As a chilly breeze whispers through the trees, I find myself craving the vibrant essence of fall—especially in the kitchen. My go-to comfort this season is the Fall Harvest Quinoa Salad with Maple Dijon Vinaigrette. Brimming with sweet roasted butternut squash, crunchy apples, and tangy cranberries, this delightful dish is not only a feast for the eyes but also a wholesome powerhouse. It’s gluten-free, vegetarian, and packed with protein and fiber, making it a perfect choice for busy weekdays or festive gatherings. Plus, it comes together in a snap, allowing you to savor the season’s bounty without spending hours in the kitchen.
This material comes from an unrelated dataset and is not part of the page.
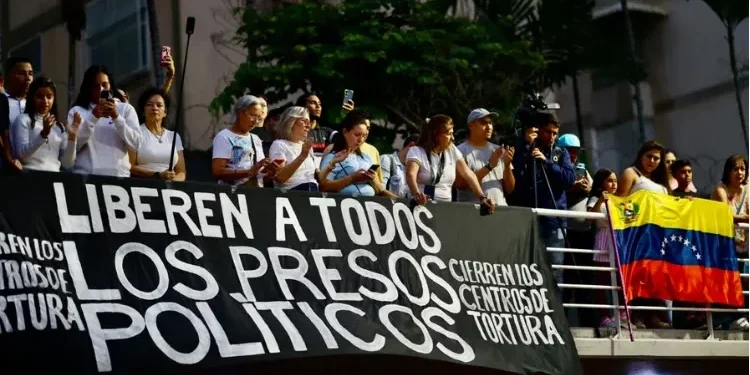 Foro Penal confirma 25 excarcelados, de los cuales 19 son adolescentes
Ready to embrace the warmth of autumn with each delicious bite? Let’s dive into this colorful, nutritious salad that is sure to please your family and friends!
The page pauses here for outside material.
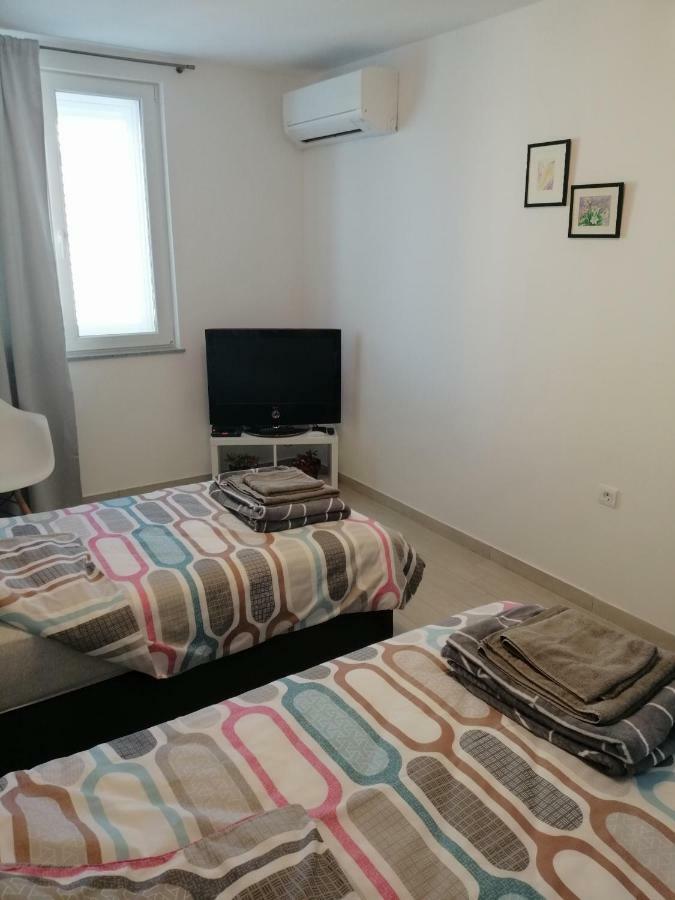 Studio Apartment Mila Pula Exterior foto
Why is this salad a must-try?

Vibrant Flavors: The Fall Harvest Quinoa Salad bursts with seasonal flavors like sweet butternut squash and tangy cranberries, making it a true crowd-pleaser.

Nutrient-Rich: Packed with protein and fiber, this gluten-free dish is perfect for a wholesome meal or side, ideal for those seeking a healthy lifestyle.

Quick and Easy: With a simple preparation process, you can whip this salad up in no time—perfect for busy weekdays or last-minute gatherings.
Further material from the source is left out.